Data section:
BEGIN
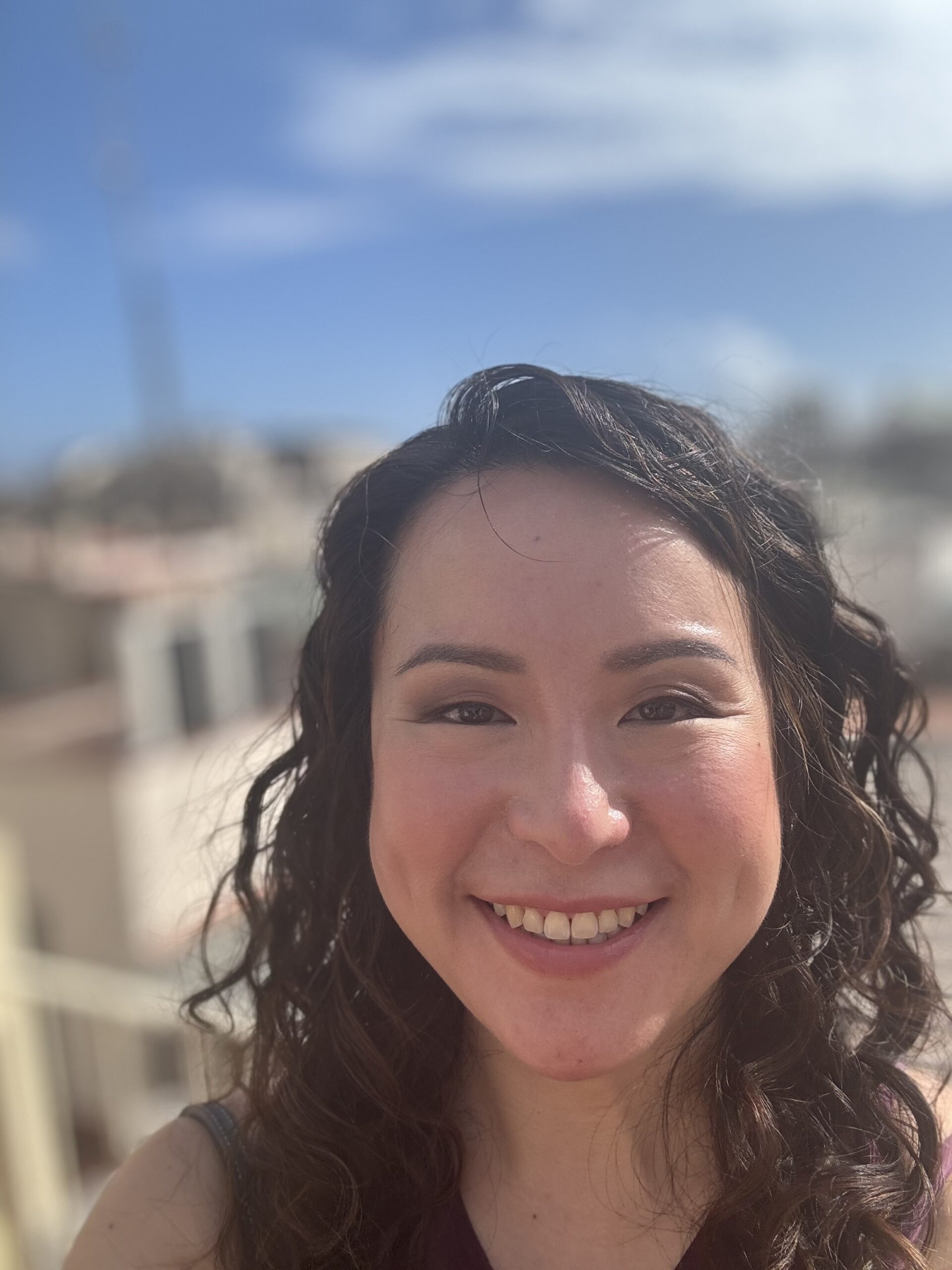 Natalie T smiling beautifully in a blue sky
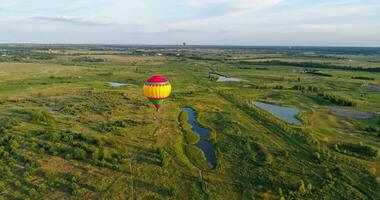 Colorful aerostat. Beautiful hot air balloon travels in the air on the background of green fields and small lakes in the rural place. Aerial view. video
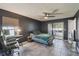 Bedroom featuring a ceiling fan, work space, and sliding glass doors to the outside at 2071 Linwood Ave, Spring Hill, FL 34608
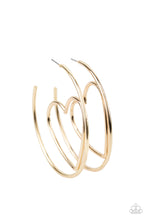 Load image into Gallery viewer, Glistening gold wire delicately bends into an airy heart frame inside a classic gold hoop, creating a flirtatious display. Earring attaches to a standard post fitting. Hoop measures approximately 2&quot; in diameter.  Sold as one pair of hoop earrings.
END
Problem: Nothing should appear in the reply except the lines from the start of the listing above through the line with "Colorful aerostat. Beautiful", repeated exactly and free of pictures.

Finished exercise:
 Natalie T smiling beautifully in a blue sky
 Colorful aerostat. Beautiful hot air balloon travels in the air on the background of green fields and small lakes in the rural place. Aerial view. video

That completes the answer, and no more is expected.